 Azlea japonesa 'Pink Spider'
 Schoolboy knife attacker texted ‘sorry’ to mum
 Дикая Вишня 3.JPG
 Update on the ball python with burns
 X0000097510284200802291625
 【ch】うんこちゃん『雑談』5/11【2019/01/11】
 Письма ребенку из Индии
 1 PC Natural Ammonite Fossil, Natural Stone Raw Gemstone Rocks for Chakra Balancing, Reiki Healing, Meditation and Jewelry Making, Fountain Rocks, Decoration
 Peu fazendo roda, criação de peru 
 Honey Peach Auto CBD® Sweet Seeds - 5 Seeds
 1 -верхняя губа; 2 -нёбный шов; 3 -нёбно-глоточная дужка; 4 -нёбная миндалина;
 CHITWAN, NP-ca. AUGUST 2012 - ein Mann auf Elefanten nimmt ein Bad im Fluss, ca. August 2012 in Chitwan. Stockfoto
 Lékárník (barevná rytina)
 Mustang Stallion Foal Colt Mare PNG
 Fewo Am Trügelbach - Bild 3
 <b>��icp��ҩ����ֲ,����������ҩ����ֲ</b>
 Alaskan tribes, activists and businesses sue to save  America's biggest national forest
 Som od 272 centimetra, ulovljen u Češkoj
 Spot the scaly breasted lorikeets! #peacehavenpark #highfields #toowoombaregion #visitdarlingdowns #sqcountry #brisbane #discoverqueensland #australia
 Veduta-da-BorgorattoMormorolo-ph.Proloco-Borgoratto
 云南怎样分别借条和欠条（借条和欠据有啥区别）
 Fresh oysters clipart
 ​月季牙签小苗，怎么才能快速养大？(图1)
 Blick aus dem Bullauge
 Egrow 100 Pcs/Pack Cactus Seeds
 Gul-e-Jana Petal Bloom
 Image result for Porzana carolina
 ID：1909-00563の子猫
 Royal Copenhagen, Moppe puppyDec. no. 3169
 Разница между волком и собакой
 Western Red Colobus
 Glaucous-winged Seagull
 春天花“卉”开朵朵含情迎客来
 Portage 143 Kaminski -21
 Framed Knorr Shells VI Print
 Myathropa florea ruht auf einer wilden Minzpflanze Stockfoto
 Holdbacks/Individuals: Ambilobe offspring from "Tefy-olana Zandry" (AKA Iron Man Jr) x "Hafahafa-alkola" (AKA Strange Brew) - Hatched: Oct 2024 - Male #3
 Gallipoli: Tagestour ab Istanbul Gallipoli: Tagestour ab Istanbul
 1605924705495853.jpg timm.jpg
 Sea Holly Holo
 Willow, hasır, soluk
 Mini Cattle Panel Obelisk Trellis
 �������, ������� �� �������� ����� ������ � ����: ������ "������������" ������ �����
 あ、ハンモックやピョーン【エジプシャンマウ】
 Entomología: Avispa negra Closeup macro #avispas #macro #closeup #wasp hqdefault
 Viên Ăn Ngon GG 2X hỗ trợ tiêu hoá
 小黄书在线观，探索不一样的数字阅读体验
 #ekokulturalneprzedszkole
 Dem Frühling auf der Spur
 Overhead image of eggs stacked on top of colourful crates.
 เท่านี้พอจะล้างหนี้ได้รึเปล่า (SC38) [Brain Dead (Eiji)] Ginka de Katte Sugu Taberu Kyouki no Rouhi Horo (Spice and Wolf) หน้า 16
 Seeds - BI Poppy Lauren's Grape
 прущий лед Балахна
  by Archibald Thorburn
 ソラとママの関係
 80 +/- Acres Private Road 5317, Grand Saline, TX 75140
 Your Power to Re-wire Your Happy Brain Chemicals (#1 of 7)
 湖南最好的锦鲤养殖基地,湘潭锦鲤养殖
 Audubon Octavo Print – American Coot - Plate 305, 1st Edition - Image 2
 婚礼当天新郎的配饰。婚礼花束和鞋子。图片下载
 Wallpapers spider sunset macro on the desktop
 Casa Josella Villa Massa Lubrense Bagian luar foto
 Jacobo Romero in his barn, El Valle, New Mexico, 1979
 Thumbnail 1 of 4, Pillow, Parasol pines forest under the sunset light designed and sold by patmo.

____

WHAT YOU ARE ASKED TO DO
Which lines run from the first of the listing to the line containing "あ、ハンモックやピョーン【エジプシャンマウ】"? Reproduce those exactly, both ends included.

RESPONSE TO THE TASK
 Azlea japonesa 'Pink Spider'
 Schoolboy knife attacker texted ‘sorry’ to mum
 Дикая Вишня 3.JPG
 Update on the ball python with burns
 X0000097510284200802291625
 【ch】うんこちゃん『雑談』5/11【2019/01/11】
 Письма ребенку из Индии
 1 PC Natural Ammonite Fossil, Natural Stone Raw Gemstone Rocks for Chakra Balancing, Reiki Healing, Meditation and Jewelry Making, Fountain Rocks, Decoration
 Peu fazendo roda, criação de peru 
 Honey Peach Auto CBD® Sweet Seeds - 5 Seeds
 1 -верхняя губа; 2 -нёбный шов; 3 -нёбно-глоточная дужка; 4 -нёбная миндалина;
 CHITWAN, NP-ca. AUGUST 2012 - ein Mann auf Elefanten nimmt ein Bad im Fluss, ca. August 2012 in Chitwan. Stockfoto
 Lékárník (barevná rytina)
 Mustang Stallion Foal Colt Mare PNG
 Fewo Am Trügelbach - Bild 3
 <b>��icp��ҩ����ֲ,����������ҩ����ֲ</b>
 Alaskan tribes, activists and businesses sue to save  America's biggest national forest
 Som od 272 centimetra, ulovljen u Češkoj
 Spot the scaly breasted lorikeets! #peacehavenpark #highfields #toowoombaregion #visitdarlingdowns #sqcountry #brisbane #discoverqueensland #australia
 Veduta-da-BorgorattoMormorolo-ph.Proloco-Borgoratto
 云南怎样分别借条和欠条（借条和欠据有啥区别）
 Fresh oysters clipart
 ​月季牙签小苗，怎么才能快速养大？(图1)
 Blick aus dem Bullauge
 Egrow 100 Pcs/Pack Cactus Seeds
 Gul-e-Jana Petal Bloom
 Image result for Porzana carolina
 ID：1909-00563の子猫
 Royal Copenhagen, Moppe puppyDec. no. 3169
 Разница между волком и собакой
 Western Red Colobus
 Glaucous-winged Seagull
 春天花“卉”开朵朵含情迎客来
 Portage 143 Kaminski -21
 Framed Knorr Shells VI Print
 Myathropa florea ruht auf einer wilden Minzpflanze Stockfoto
 Holdbacks/Individuals: Ambilobe offspring from "Tefy-olana Zandry" (AKA Iron Man Jr) x "Hafahafa-alkola" (AKA Strange Brew) - Hatched: Oct 2024 - Male #3
 Gallipoli: Tagestour ab Istanbul Gallipoli: Tagestour ab Istanbul
 1605924705495853.jpg timm.jpg
 Sea Holly Holo
 Willow, hasır, soluk
 Mini Cattle Panel Obelisk Trellis
 �������, ������� �� �������� ����� ������ � ����: ������ "������������" ������ �����
 あ、ハンモックやピョーン【エジプシャンマウ】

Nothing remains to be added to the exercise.